Records for processing START

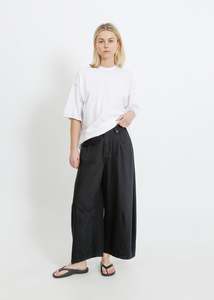 ELLIE JEAN / BLACK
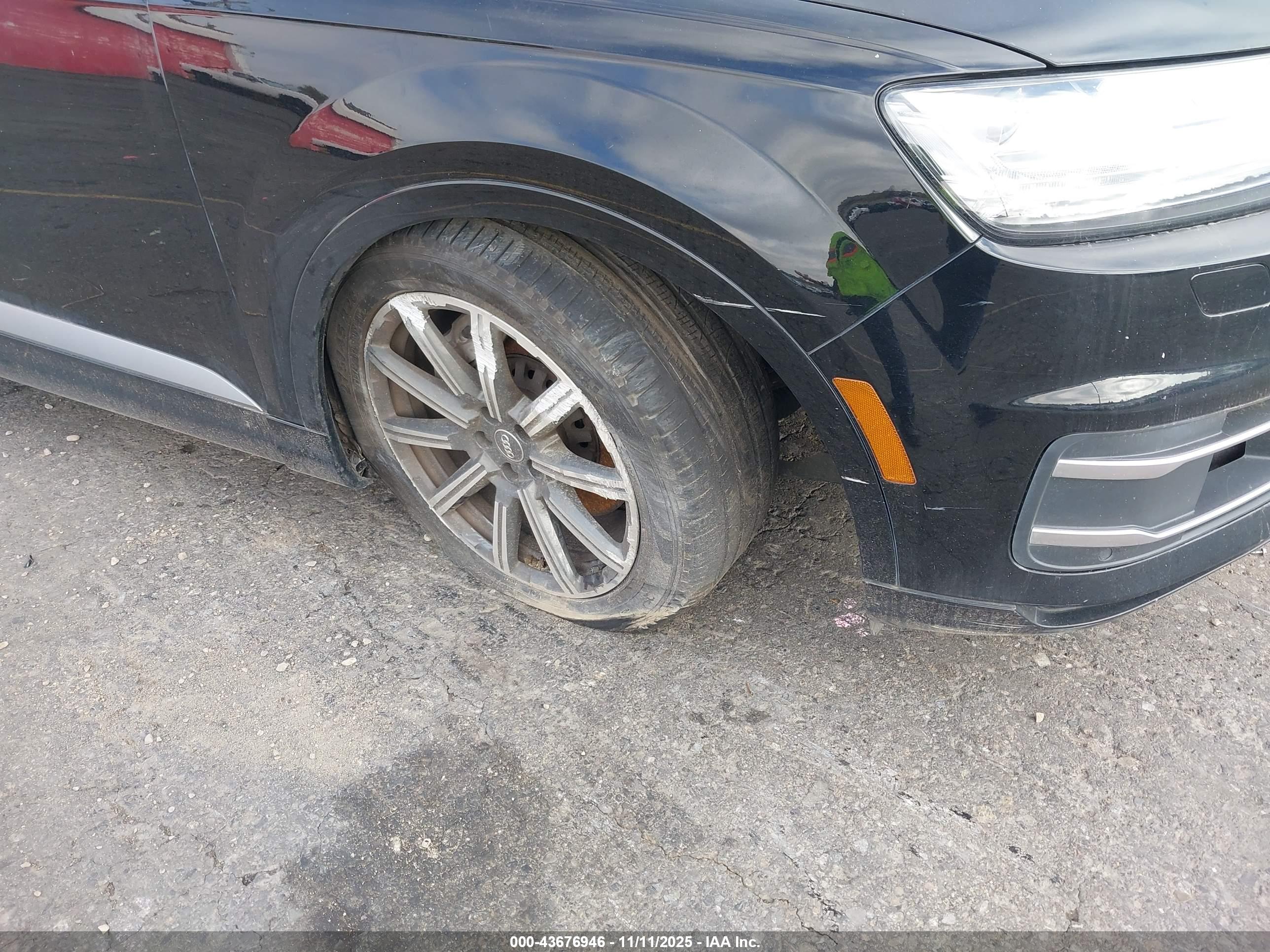 AUDI Q7 image 6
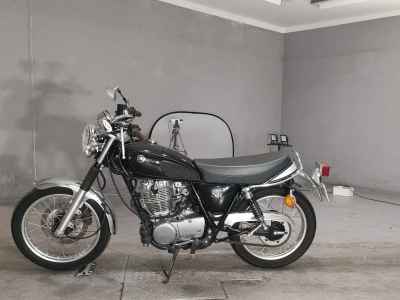 Yamaha SR400 2021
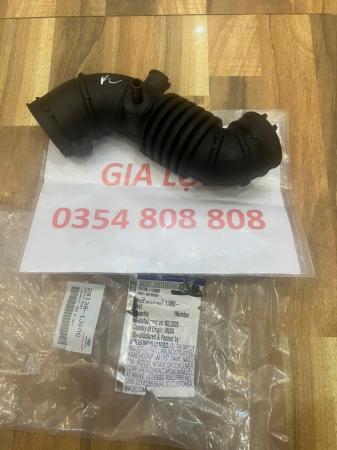ỐNG HÚT VÀO CỔ GIÓ HYUNDAI I20 2010 2011 2012 281381J000
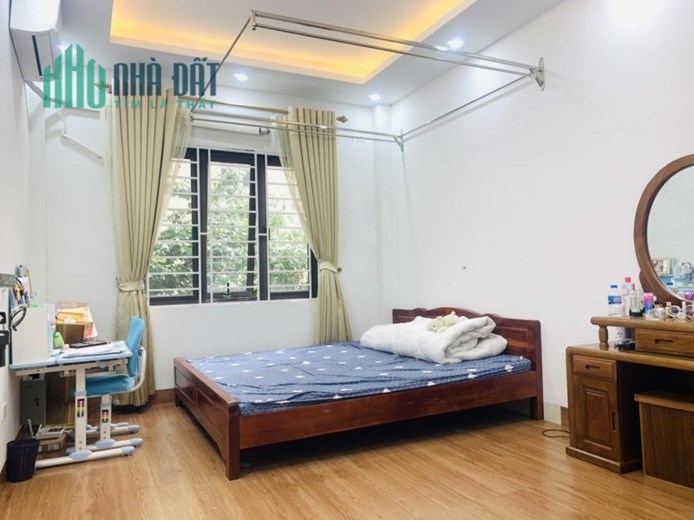Bán nhà Ngọc Trì ,Long Biên 4 tầng ,44m2 nhà đẹp giá tốt nhỉnh 3 tỷ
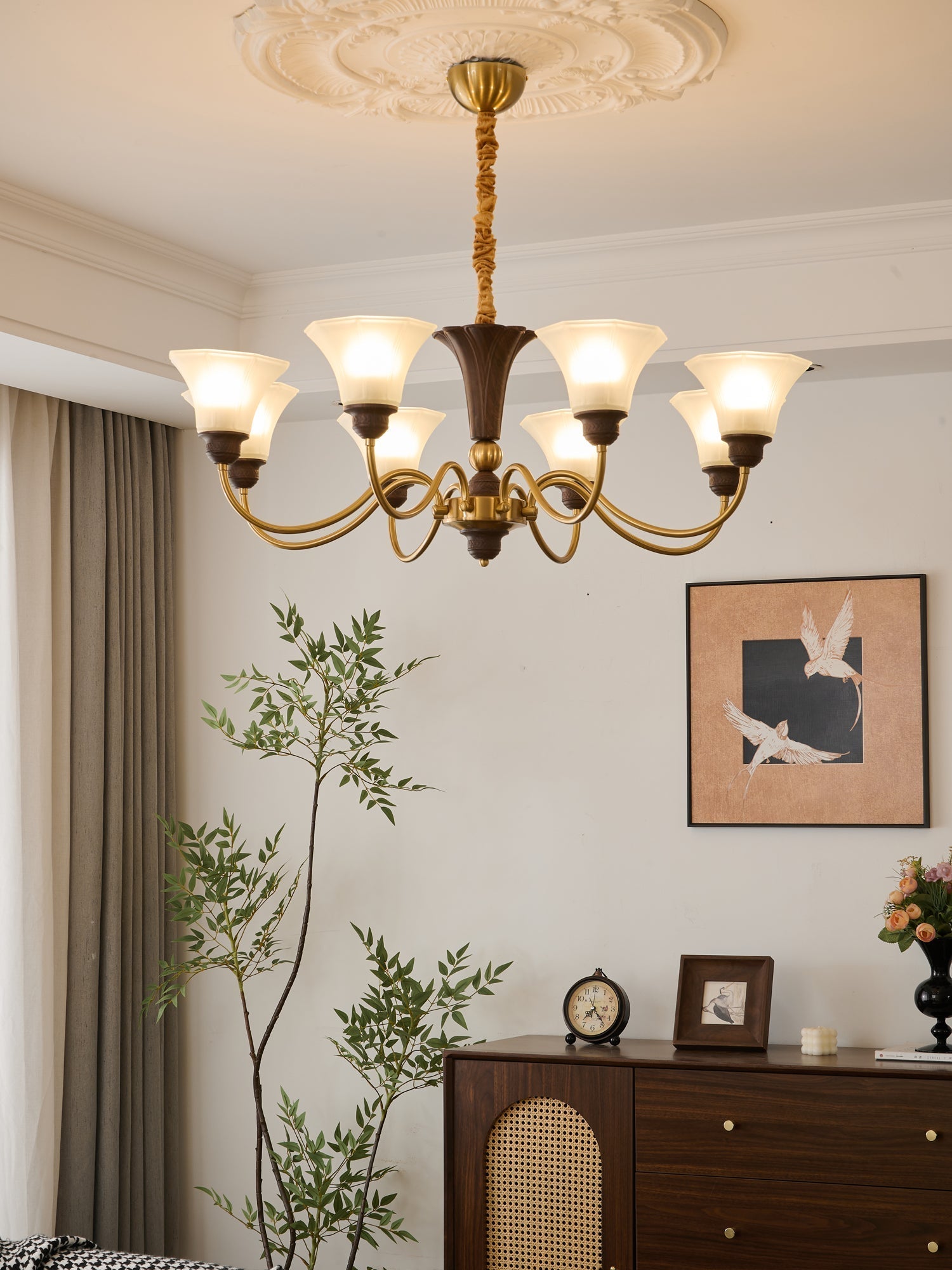 Ciphaen Traditional Elegance Vintage Wood Glass Chandelier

Records for processing END

What to do: Your copy should restate every record word for word and contain no pictures.

Task result:
 ELLIE JEAN / BLACK
 AUDI Q7 image 6
 Yamaha SR400 2021
ỐNG HÚT VÀO CỔ GIÓ HYUNDAI I20 2010 2011 2012 281381J000
Bán nhà Ngọc Trì ,Long Biên 4 tầng ,44m2 nhà đẹp giá tốt nhỉnh 3 tỷ
 Ciphaen Traditional Elegance Vintage Wood Glass Chandelier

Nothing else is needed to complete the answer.